Freeman’s drastic improvement bodes well for season ahead

It takes some courage for a 15-year-old not to succumb to the immense media attention which Luke Freeman was subjected to when he first signed for Arsenal in January 2008.

Now, having signed his first professional contract with the club, Luke is finally beginning to demonstrate his credentials and, after a difficult spell midway through last season, he has shown great mental strength to persevere and will surely now be rewarded.

The youngest player ever to play in the FA Cup, Luke’s transfer to Arsenal caught the eye of every major national newspaper in England with many expecting him to make an instant impact in red and white.
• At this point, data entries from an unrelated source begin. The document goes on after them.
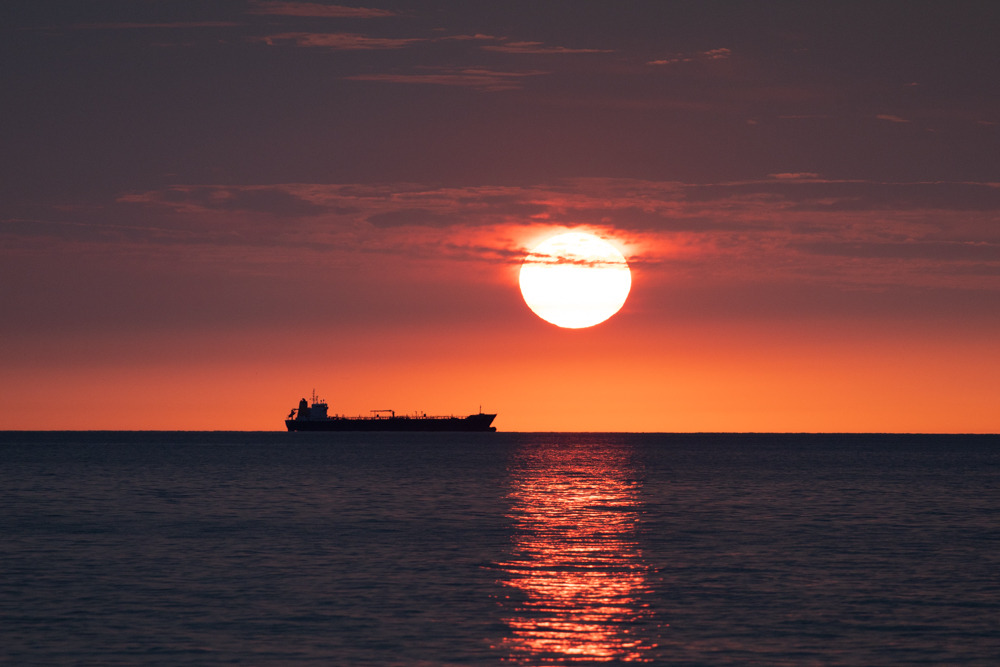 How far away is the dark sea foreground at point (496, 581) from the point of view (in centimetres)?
3084

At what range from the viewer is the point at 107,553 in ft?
170

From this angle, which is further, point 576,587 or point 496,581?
point 496,581

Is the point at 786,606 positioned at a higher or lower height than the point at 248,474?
lower

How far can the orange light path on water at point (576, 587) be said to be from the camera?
101 feet

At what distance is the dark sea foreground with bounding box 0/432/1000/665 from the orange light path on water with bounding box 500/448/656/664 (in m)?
0.15

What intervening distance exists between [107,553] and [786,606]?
31.2 meters

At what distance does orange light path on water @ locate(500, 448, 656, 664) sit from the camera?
30.8 m

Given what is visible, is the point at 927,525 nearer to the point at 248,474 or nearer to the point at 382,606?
the point at 382,606

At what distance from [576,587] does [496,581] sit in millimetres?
3357

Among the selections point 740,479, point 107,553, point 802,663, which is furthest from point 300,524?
point 740,479

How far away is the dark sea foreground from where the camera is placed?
101 ft

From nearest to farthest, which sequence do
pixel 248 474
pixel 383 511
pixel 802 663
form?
pixel 802 663, pixel 383 511, pixel 248 474

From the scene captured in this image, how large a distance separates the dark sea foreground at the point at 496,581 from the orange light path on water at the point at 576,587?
15 cm

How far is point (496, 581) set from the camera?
42781mm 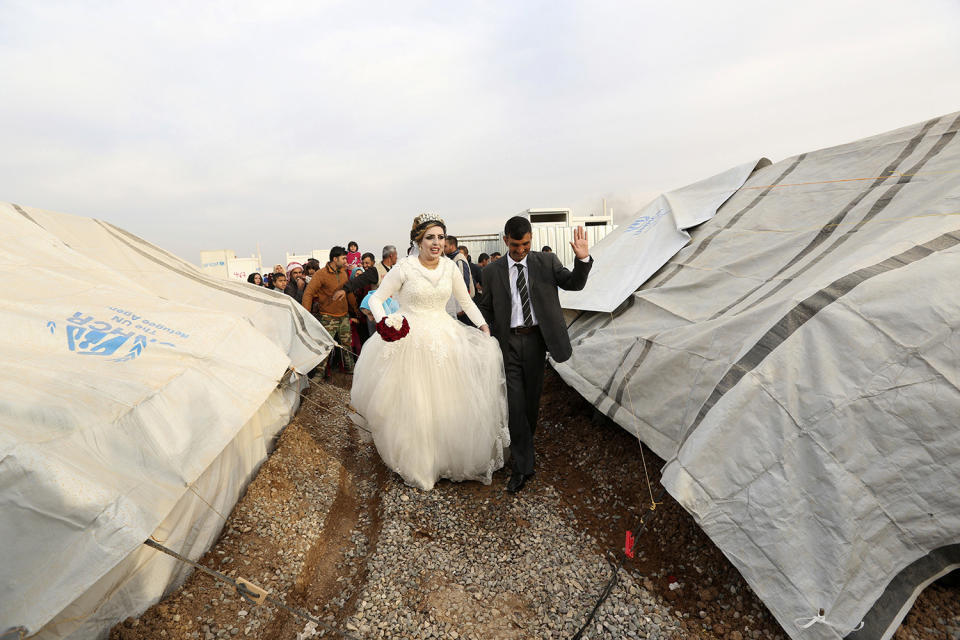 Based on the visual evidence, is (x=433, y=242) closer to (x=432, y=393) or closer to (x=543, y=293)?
(x=543, y=293)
He showed a glimpse of his qualities during his first half-season with the club, scoring three goals, but only really came to the fore last campaign.
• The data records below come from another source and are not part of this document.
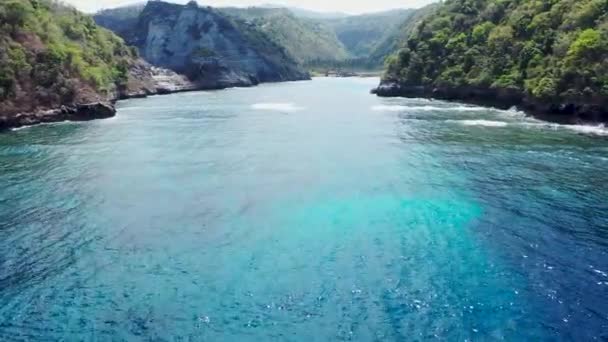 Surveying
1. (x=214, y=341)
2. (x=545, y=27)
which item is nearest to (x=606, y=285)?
(x=214, y=341)

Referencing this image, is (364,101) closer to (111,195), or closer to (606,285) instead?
(111,195)

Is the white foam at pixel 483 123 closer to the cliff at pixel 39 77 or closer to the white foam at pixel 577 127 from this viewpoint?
the white foam at pixel 577 127

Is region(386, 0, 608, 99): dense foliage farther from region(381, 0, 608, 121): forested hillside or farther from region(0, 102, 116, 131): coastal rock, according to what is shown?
region(0, 102, 116, 131): coastal rock

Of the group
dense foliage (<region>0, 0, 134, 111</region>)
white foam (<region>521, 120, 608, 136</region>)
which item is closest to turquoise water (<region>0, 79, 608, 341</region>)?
white foam (<region>521, 120, 608, 136</region>)

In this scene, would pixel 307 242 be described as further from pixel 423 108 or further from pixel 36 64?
pixel 423 108

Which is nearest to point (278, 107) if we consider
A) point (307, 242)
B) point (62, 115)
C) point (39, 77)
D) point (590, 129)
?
point (62, 115) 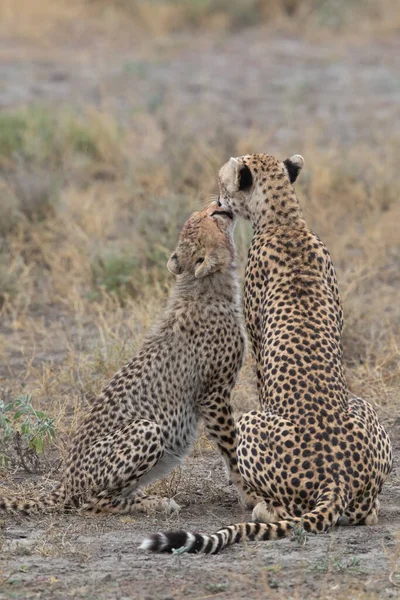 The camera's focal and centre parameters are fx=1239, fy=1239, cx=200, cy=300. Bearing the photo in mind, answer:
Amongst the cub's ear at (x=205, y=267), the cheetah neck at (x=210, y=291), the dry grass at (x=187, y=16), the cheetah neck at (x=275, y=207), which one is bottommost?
the cheetah neck at (x=210, y=291)

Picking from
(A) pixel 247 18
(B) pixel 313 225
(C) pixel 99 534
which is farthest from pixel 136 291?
(A) pixel 247 18

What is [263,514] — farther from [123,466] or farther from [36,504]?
[36,504]

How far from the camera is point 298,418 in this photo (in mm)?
4758

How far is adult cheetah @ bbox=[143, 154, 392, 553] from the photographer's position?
4609 millimetres

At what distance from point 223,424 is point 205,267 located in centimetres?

As soon as he notched a brace on the opening day of the season for the u-18s against Everton, you expected Luke to go on and enjoy a goal-littered season. It didn’t quite work out that way, with an unhappy spell on the left-wing contributing to his darkest days at the club.
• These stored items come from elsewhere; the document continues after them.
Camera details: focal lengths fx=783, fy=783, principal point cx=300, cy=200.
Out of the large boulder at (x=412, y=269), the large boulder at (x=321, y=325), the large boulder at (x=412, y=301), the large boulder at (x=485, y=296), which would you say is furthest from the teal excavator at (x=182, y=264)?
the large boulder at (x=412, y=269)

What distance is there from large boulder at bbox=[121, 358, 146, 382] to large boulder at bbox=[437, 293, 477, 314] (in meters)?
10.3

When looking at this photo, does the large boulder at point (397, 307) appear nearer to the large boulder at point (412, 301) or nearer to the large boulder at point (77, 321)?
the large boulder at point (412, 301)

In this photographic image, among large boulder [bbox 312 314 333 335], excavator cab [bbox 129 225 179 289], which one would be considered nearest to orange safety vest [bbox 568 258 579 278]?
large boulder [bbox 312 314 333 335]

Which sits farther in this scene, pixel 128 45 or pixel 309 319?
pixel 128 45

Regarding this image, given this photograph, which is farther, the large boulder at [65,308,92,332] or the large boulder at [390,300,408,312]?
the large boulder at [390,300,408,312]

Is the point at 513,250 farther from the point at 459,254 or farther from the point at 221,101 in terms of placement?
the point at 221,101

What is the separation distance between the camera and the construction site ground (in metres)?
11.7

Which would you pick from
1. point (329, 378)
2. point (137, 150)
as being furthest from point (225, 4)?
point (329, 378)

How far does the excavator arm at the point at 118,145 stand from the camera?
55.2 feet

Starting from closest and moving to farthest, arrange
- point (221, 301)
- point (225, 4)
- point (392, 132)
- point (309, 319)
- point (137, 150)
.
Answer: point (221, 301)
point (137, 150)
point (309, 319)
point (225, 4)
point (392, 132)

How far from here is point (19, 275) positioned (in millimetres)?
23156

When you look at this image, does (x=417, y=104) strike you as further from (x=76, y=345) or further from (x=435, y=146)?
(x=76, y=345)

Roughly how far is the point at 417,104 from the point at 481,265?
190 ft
Yet, in the second half of the season, he really shone, forging a lethal partnership with fellow marksman Benik Afobe for both club and country. The pair dominated proceedings in the Premier Academy League and also whilst on duty for England u-17s.

Freeman ended the season with eleven goals and also made appearances in the FA Youth Cup and for the Reserves.

He has been one of the most impressive youngsters in pre-season training this summer, and has transferred that good form to matches too. He shone in the recent Toomey Trophy and also found the net against Maidenhead for the Reserves, not to mention a classy quartet against Plymouth in an under-18s friendly.

His physical strength has improved immensely and he now works harder to bring other players into the game. Against Boreham Wood on Tuesday night, Freeman changed the dynamic of the Arsenal team when he came on and would have broken the deadlock but for a last-ditch clearance off the goal-line.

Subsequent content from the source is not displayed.